Cette étape est importante pour cerner le besoin, ce qui permettra de choisir le format de facture électronique et l’outil d’édition les plus adaptés aux activités commerciales de chaque entreprise. Par exemple, le format CII est souvent privilégié pour assurer des opérations commerciales à l’international. Il présente ainsi une grande variété de fonctionnalités et une richesse technique qui l’avantagent auprès des grandes entreprises par rapport aux autres formats. Et qui le rendent par conséquent compliqué à mettre en place au sein des petites entreprises. En raison de la très grande interopérabilité qu’il offre, l’UBL est lui aussi souvent prisé par les grandes entreprises, notamment pour leurs échanges électroniques B2G. Enfin, le format hybride Facture X, comme on peut l’imaginer, est souvent utilisé par les petites entreprises, puisqu’il répond à des besoins simples, en plus d’être plus accessible, aussi bien techniquement que financièrement, que les autres formats. 

Grand bouleversement

Mais là où la transition vers la facturation électronique au Maroc amènera certainement un grand bouleversement des process internes, c’est au sein des grandes entreprises, où le volume de flux entrants et sortants, la typologie des acheteurs et la nature des canaux d’émission et de réception des factures est immense. Là, on n’est pas dans le cas d’un autoentrepreneur ou un freelance qui va éditer une facture électronique et la transmettre via la plateforme digitale dédiée. Au sein d’une grande entreprise, émettre ou recevoir des factures sous format électronique nécessitera plus qu’un petit logiciel ou ordinateur pour assurer une opération dématérialisée. Si les achats, le contrôle de gestion et la direction financière sont la partie émergée de l’iceberg, en dessous sont également concernées les équipes techniques de la DSI, les équipes de développement des RH, mais également l’ensemble des collaborateurs et tout acheteur potentiel, qui devront intégrer les nouvelles politiques d’achat et tous les changements de process qu’elles induisent systématiquement. Dans certains cas, c’est tout un plan de conduite du changement qui doit être envisagé, avec la mise en place d’une équipe-projet multidisciplinaire dédiée, pour s’assurer une pleine intégration des nouveaux process induit par la facturation électronique par l’ensemble des collaborateurs, qu’ils soient concernés directement ou indirectement.

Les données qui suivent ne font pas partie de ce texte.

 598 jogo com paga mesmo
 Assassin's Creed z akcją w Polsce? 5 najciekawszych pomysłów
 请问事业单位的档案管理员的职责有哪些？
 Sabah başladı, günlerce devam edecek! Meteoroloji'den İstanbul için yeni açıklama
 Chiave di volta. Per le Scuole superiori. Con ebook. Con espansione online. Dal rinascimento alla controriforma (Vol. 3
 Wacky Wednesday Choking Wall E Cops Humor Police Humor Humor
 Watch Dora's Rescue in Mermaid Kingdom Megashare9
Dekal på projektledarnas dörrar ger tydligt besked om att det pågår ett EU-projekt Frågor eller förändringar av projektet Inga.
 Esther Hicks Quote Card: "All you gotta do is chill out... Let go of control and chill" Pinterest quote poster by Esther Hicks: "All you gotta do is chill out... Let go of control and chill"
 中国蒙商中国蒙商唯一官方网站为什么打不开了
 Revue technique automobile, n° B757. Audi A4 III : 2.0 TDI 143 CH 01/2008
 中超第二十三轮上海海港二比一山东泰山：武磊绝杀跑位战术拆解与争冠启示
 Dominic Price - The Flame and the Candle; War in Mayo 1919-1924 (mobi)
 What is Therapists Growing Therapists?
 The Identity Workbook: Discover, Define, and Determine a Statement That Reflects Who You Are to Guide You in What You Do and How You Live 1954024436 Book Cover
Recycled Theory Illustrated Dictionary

Il n’est pas vain donc d’insister sur la nécessaire anticipation du passage à la facturation électronique. Pour les PME et TPE, l’enjeu est à la fois technique et financier, puisqu’une facture créée sous format électronique peut revêtir un certain degré de complexité pour un émetteur non formé. Pour les grandes entreprises, le défi majeur est organisationnel : il en va de l’agilité des process et de leur pleine intégration par tout acheteur interne.